On International Women’s Day, I received an email from photographer Sarah Hoskins about a recent series she made in Kentucky that is featured in the current Oxford American.
She tells of discovering the ruins of the once elegant compound of the Old Taylor Distillery two years ago while driving with her daughter near Millville, Kentucky. In an email interview yesterday, Sarah wrote, “For the past 16 years now, I have been photographing in the Bluegrass Region. I had been just a mile shy of the distillery hundreds of times, so it’s hard to believe I hadn't ended up there sooner. But in the summer of 2014 I found myself on McCracken Pike in front of this crazy old wonderful castle.
"My daughter says she likes breaking and entering (B&E),” she continued, “something she said she learned from me traipsing through the rough while looking for vestiges of an old hamlet or school. There would be no doubt of B&E had we climbed over the gates back on that first day on McCracken Pike; instead a conversation with the security guard and a phone call lead us to being allowed in on our next visit.”
It turns out that the site—which had ceased operations as a distillery in 1922, and was abandoned in 1994—had been purchased around that time by two local businessmen and is set to reopen this summer. The new distillery was renamed Castle & Key by partners Will Arvin, Wes Murry, Brooke Smith and Marianne Barnes, with production directed by Barnes, who is the first female Master Distiller in Kentucky since prohibition.
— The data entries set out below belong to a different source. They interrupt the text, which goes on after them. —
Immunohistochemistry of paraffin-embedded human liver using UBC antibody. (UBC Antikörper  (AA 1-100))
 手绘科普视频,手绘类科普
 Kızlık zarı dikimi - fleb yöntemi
The 83-acre compound is being restored to its former glory as a destination for families and picknickers, who used to arrive by train and spend the day enjoying the parks and gardens that were an essential element of the operations. The name reflects the design of the main structure, with it’s crenelated turrets and the longest bourbon rick house in the world.
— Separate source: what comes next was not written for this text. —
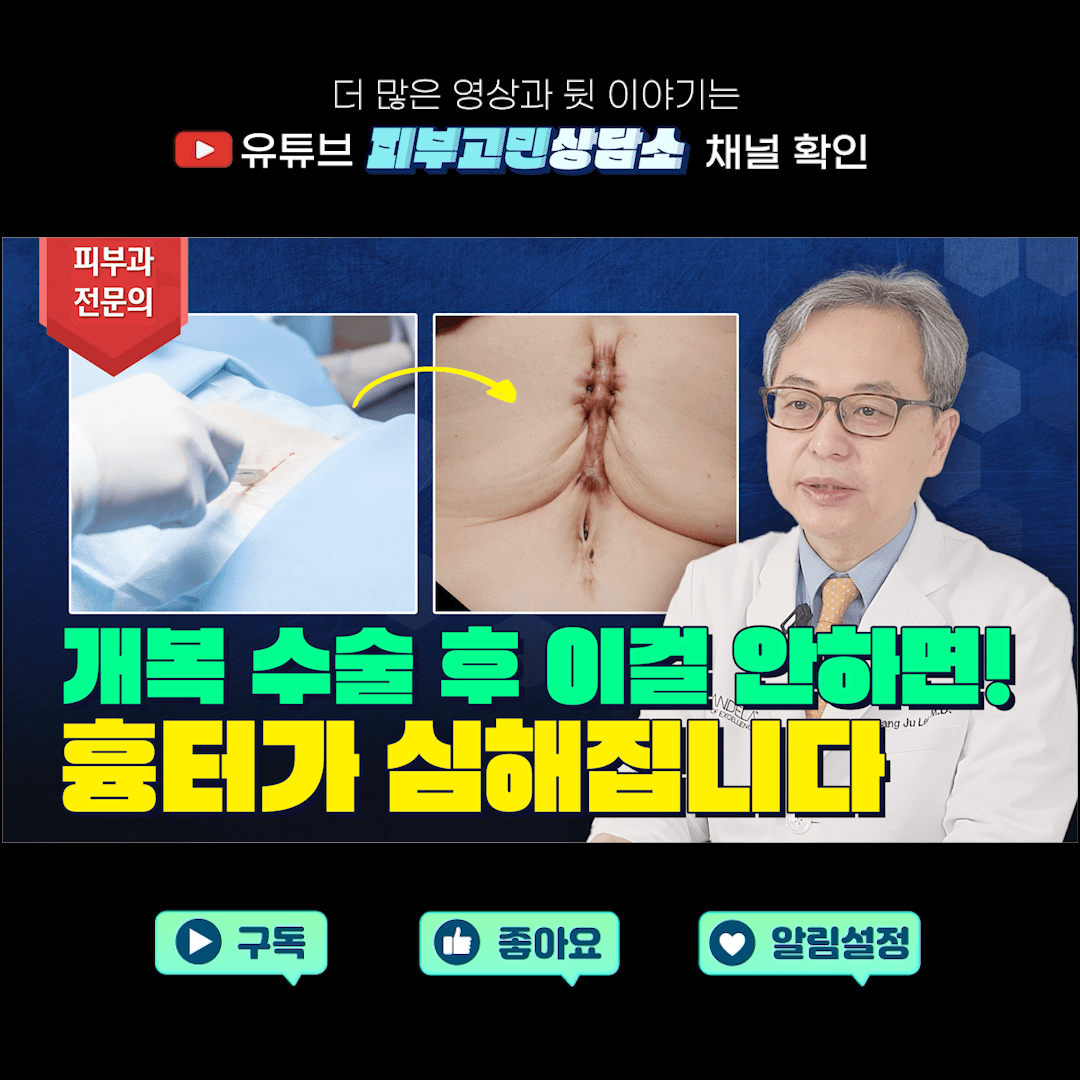개복 수술 후 흉터 만들고 싶지 않다면 ※ 필수시청 ※ | 암 수술 후 관리 (Feat. 수술흉터 없애는법)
Arvin said in a press release, “Under the rubble and overgrowth, there were 100-year-old buildings that were still structurally sound and architecturally astounding, and while a number of people seemed to have passed on this hidden treasure, we knew it could be revived to make great spirits.” Sarah wrote, “It's going to be a great addition to the area. It is a magical place with deep rich history and a beautiful setting. I have watched as the gardens have literally come to life by world-renowned Kentucky garden designer John Carloftis.”
Distiller Barnes (left) plans to produce a botanical gin flavored with ingredients from the site’s restored gardens, as well as bottled-in-bond bourbon and rye whiskies, all using the limestone-rich water that bubbles up from a spring on the property. The owners are looking for a late summer opening for visitors to enjoy tours of the site, tastings, leisurely strolls through the botanical garden, picnicking on the banks of Glenn’s Creek, or shopping inside a renovated boiler house—a new stop on the Kentucky Bourbon Trail.
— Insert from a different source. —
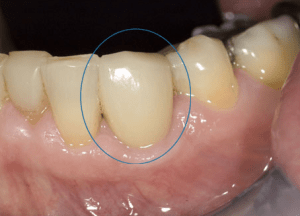 Single implant crown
Sarah says of the region, “There is nothing like Bluegrass Kentucky. I am finally hoping to move there full time after commuting for 16 years [from Chicago]. What you will find are scenic roads through gentle rolling hills; with each turn you will come across something special, whether it be a field full of foals in the spring, limestone fences, historic horse farms and then of course there’s the famous Bourbon Trail—a tour of the many distilleries.”
Sarah Hoskins divides her time between Chicago and Lexington. Her photographs have been included in over 100 exhibitions and are in the permanent collections of The Smithsonian Institution, The Library of Congress, Museum of Fine Arts Houston, The Center for Photography at Woodstock, CITY 2000 (Chicago),The Art Museum at the University of Kentucky, The City of Chicago and Yaddo.